Does your phone use Unisoc chip? Research says it may be vulnerable to hacking

The newfound vulnerability was discovered in a Unisoc T700 chipset inside a Motorola Moto G20.

Unisoc, the Chinese semiconductor firm, recently ramped up the production of mobile processors. As a result, leading smartphone companies started using Unisoc processors in their low-end phones. But these processors may not be safe, new research has revealed. Check Point Research has highlighted that Unisoc chips have a critical security vulnerability, which makes phones running them prone to hacking.

Research published by Check Point Research shows the modem firmware in Unisoc 4G and 5G chips has a critical security flaw, which is labelled CVE-2022-20210. The researchers said they discovered the flaw while scanning Non-Access Stratum (NAS) message handlers in the chip’s modem firmware. This vulnerability, researchers said, could be exploited to either make cellular communication capabilities of the chip neutral or defunct entirely.

“An attacker could have used a radio station to send a malformed packet that would reset the modem, depriving the user of the possibility of communication. Left unpatched, cellular communication can be blocked by an attacker,” said Salva Makkaveev, reverse engineering and security research attorney at Check Point Research.

The newfound vulnerability was discovered in a Unisoc T700 chipset inside a Motorola Moto G20. This chipset was updated to the Android January 2022 security patch, the researchers said.

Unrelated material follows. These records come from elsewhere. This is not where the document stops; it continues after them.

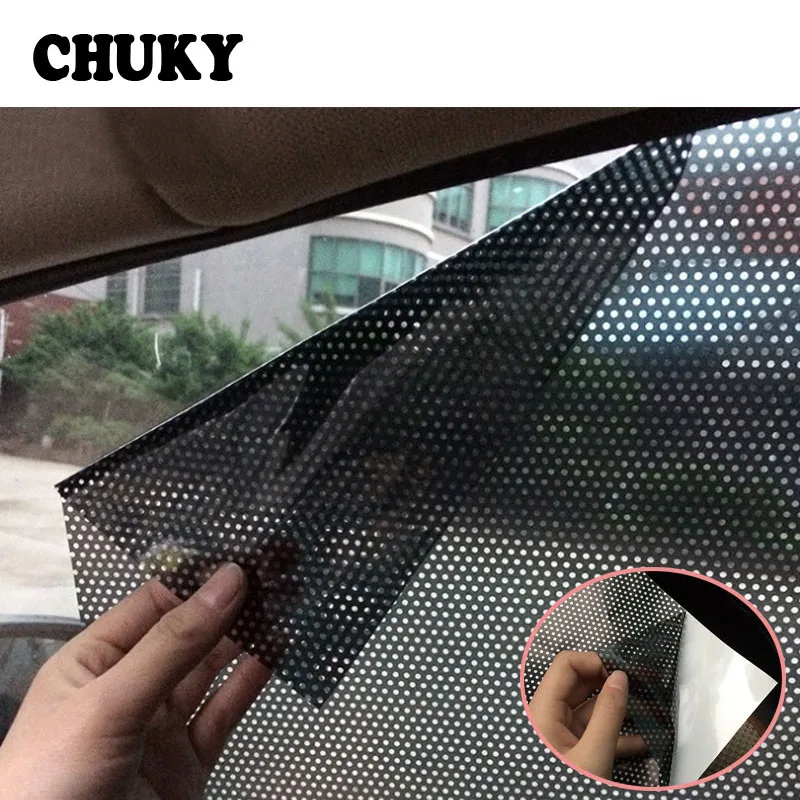 Автомобильный козырек на боковое стекло CHUKY статическая липкая защита экрана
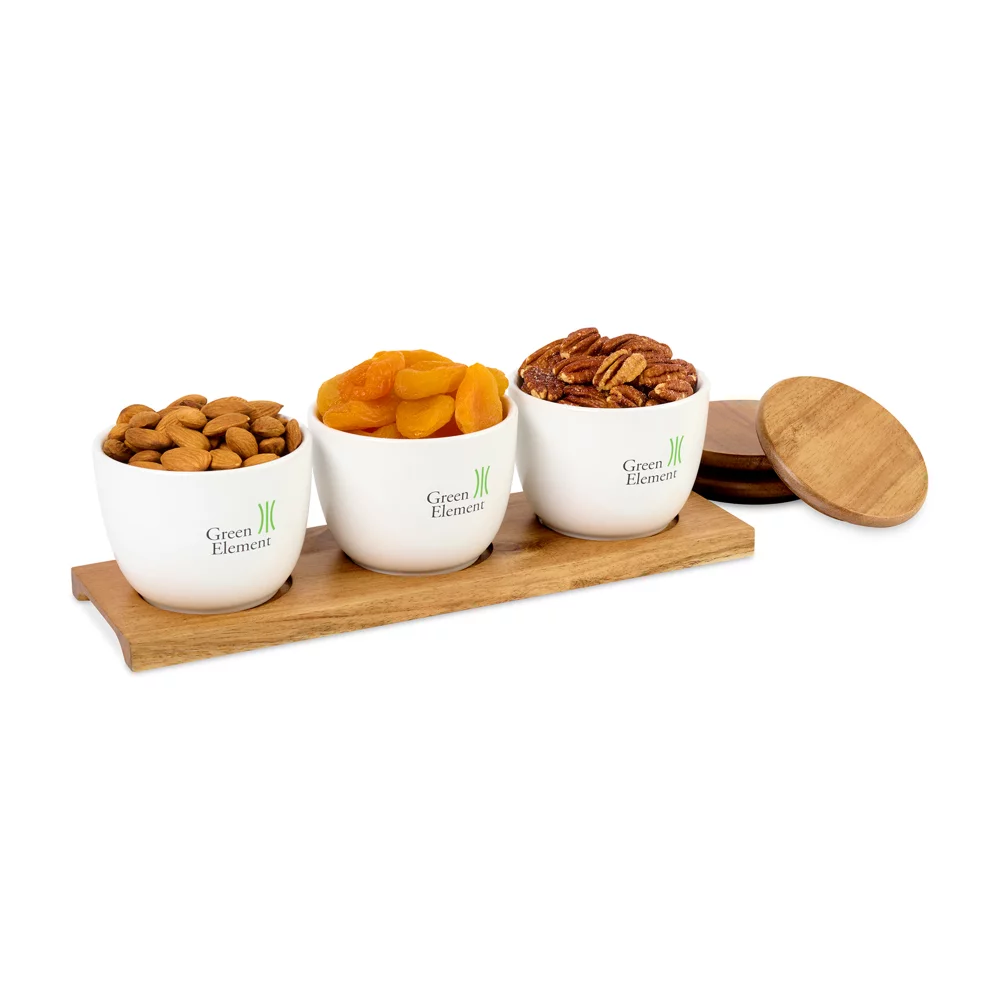 La Cuisine Appetizer Trio Tray - Wood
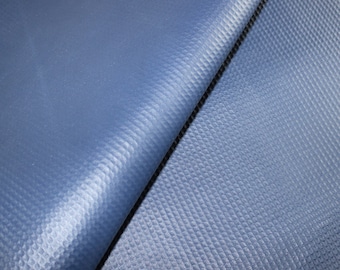 Blue Lambskin Nappa Leather Hide: Italian Craft Leather (75x65cm)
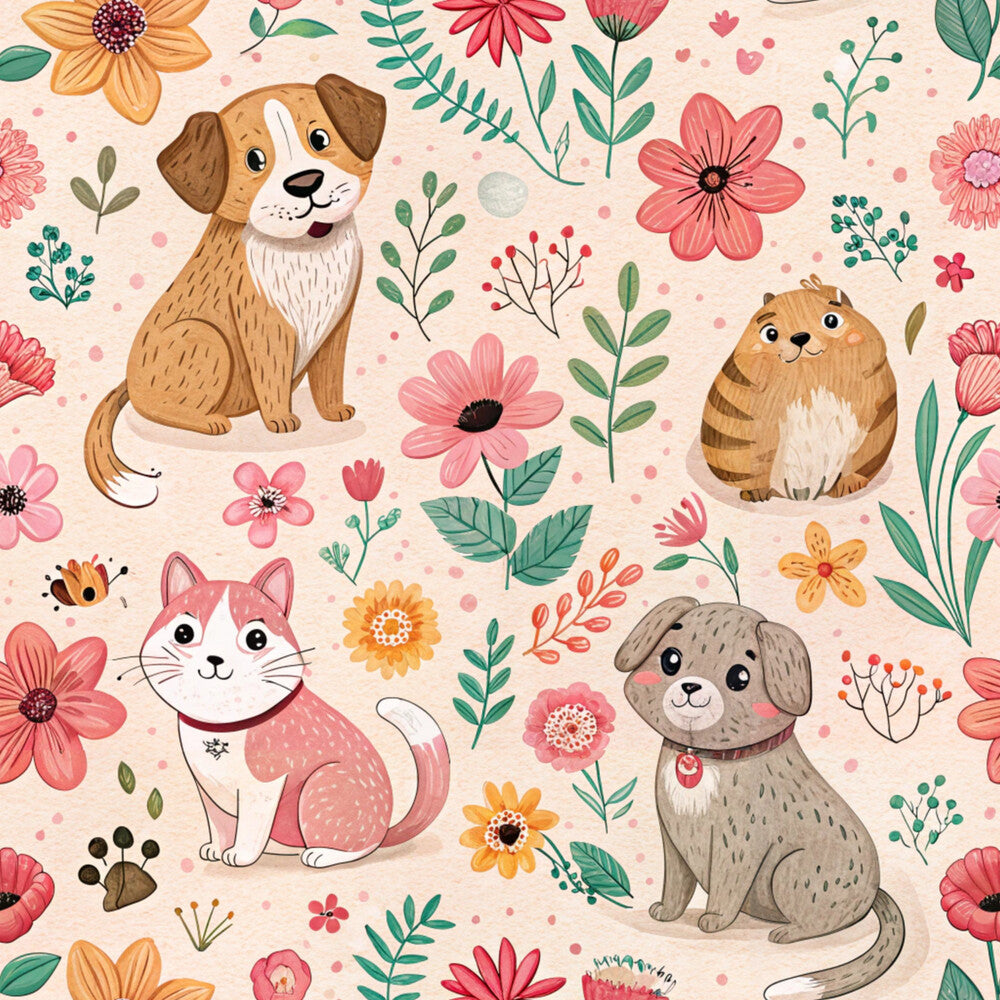 Heart and Paw Prints Fat Quarter Bundle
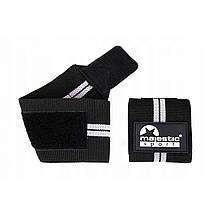 Бинти для зап'ястків (кистьові бинти) Majestic Sport Wrist Wraps M-WS-BG Poland, фото 3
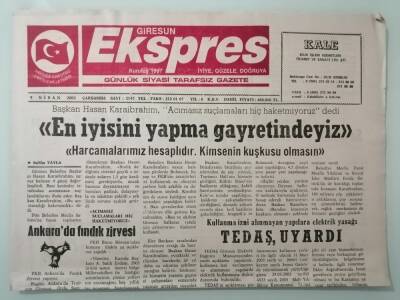 Giresun Ekspres Gazetesi 9 Nisan 2003 Mimarlar Gününde Etkinlik -GZ14743 - 1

But, according to their findings that were disclosed in May, the vulnerability exists on other Unisoc chipsets, thereby making the associated phones vulnerable to hacking.

Check Point Research said it made Unisoc aware of the vulnerability and the company acknowledged it. Unisoc has said that it has issued a patch for the affected chipsets, but it might take some time to reach everyone. Makkaveev added, “There is nothing for Android users to do right now, though we strongly recommend applying a patch that will be released by Google in their upcoming Android Security Bulletin.”

If your phone uses a Unisoc chipset, it is better you look for an update and immediately install it, irrespective of the model.